Monday, June 21, 2010

Week 5 :: Recipe Links

Oh, deario. This has been the first week that I have used recipes in my cooking, and so I feel that I really ought to post links to the deliciously simple pie crust/quiche and blueberry buckle recipes (tried, tested, and true, folks).

Amusez-vous!

Sunday, June 20, 2010

Week 5 :: Main (Un Repas, Non Pour Mon Papa)





Week 5 :: Three Short Pieces

I am rather distressed that I have been unable to write or cook in the past couple of weeks - a three-day bout of severe insomnia rendered me so sluggish and apathetic that it was a feat of strength to even leave the house to buy fresh produce. This past week, my mother has been visiting me as I graduated from my MA program, and so, with all the hoopla, doctor's appointments, and celebratory times with family, I have left the oven off, the spices untouched, the cutting boards and gleaming white dishes to rest in their nooks.

Nevertheless, I'm eager to get back to that which I love, and I'm armed with both delicious eaterly experiences and a lovely gift from a dear and wonderful friend who fully appreciates and understands my culinary philosophy.

1) The Solitude of Baking

First things first. My dear friend M. has been a supporter of my cooking adventures since the beginning, and has often sent me a quick message to inquire whether or not pictures of the day's dishes will be soon forthcoming. M. and I also have a mutual love for sushi and pineapple corers, the latter of which she brought over once on a visit, and seemed absolutely bowled over by my delight and fascination with a gadget that left a perfect pineapple-shell with dozens of perfectly shaped slices of fruit. More than that, however, she understands that I both love and detest being and eating alone, and that if I am to be achieving some level of comfort with my reclusivity, that I ought to at least be able to cook the dishes that are most commonly (although not necessarily) associated with eating with others.
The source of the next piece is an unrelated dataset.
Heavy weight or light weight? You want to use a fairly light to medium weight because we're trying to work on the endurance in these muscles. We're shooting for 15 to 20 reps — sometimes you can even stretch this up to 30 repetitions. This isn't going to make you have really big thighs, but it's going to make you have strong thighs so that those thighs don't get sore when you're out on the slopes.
MFK Fisher writes in "A to Z: The Perfect Dinner," the last essay in her book An Alphabet For Gourmets, that
"perhaps the most limited, and at the same time most intricate, form of the perfect dinner is the kind eaten by one person."
And indeed, the food that I eat alone often takes strange forms; cooking a quarter-cup of dry macaroni for dinner, using the tiniest ramekins for individual apple crumbles. There are certain dishes, generally desserts, that are rarely made for one, namely pies, cakes, and cupcakes.
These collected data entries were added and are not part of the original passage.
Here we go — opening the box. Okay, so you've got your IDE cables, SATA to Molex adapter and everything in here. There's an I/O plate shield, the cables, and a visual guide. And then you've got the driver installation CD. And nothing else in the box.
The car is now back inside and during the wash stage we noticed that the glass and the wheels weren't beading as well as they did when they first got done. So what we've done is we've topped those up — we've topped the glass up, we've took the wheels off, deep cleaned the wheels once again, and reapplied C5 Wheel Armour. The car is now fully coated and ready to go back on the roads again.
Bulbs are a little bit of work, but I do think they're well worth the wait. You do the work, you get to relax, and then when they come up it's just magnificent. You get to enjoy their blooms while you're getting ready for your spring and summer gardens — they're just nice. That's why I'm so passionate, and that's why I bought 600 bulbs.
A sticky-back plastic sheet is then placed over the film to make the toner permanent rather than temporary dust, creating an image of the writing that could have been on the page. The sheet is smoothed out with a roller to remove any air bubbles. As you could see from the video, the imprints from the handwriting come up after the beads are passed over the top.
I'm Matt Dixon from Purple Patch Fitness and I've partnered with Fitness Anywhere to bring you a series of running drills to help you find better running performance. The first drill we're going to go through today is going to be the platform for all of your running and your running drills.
Fortunately, M., in her infinite wisdom, recognized my love for baked goods and has given me the wonderful gift of a small springform cake pan, an individual-sized ceramic pie plate, and a miniature cupcake-pan. And really, if, on a lazy Wednesday, I feel like baking a small Sacher torte to celebrate the banal achievement of having gotten out of bed, then should I not indulge myself? Or, perhaps, on a glorious Friday morning, I might be of the mind to make a quiche Lorraine, and wouldn't it be lovely to sit down to one of a perfectly solitary circumference? And on a miserable Monday, when the dreariness of life is almost too much to bear, mightn't it be comforting to make a batch of the tiniest cupcakes and revel in their disarmingly adorable perfection?

2) My Kingdom For A Salad

On Thursday night, a very small group of my family and friends went out to celebrate my having been formally awarded my Master's degree, and I, in my infinite love of Caesar salads, opted to re-visit Cru, a small but wonderfully intimate and ambient restaurant in Vancouver. I can't think of a more beautiful concoction: the salad itself is named the "Cellar Door Caesar," the first two nouns having been deemed (when, and by whom, I am uncertain) the most beautiful combination of words in the English language. The salad itself is an unusual take on one's regular Caesar, which is often a haphazard mess of torn Romaine, covered with bland Asiago (or even more unpalatable Parmesan), stale croutons, and dressing that is more reminiscent of an amateur, store-bought Ranch than anything else.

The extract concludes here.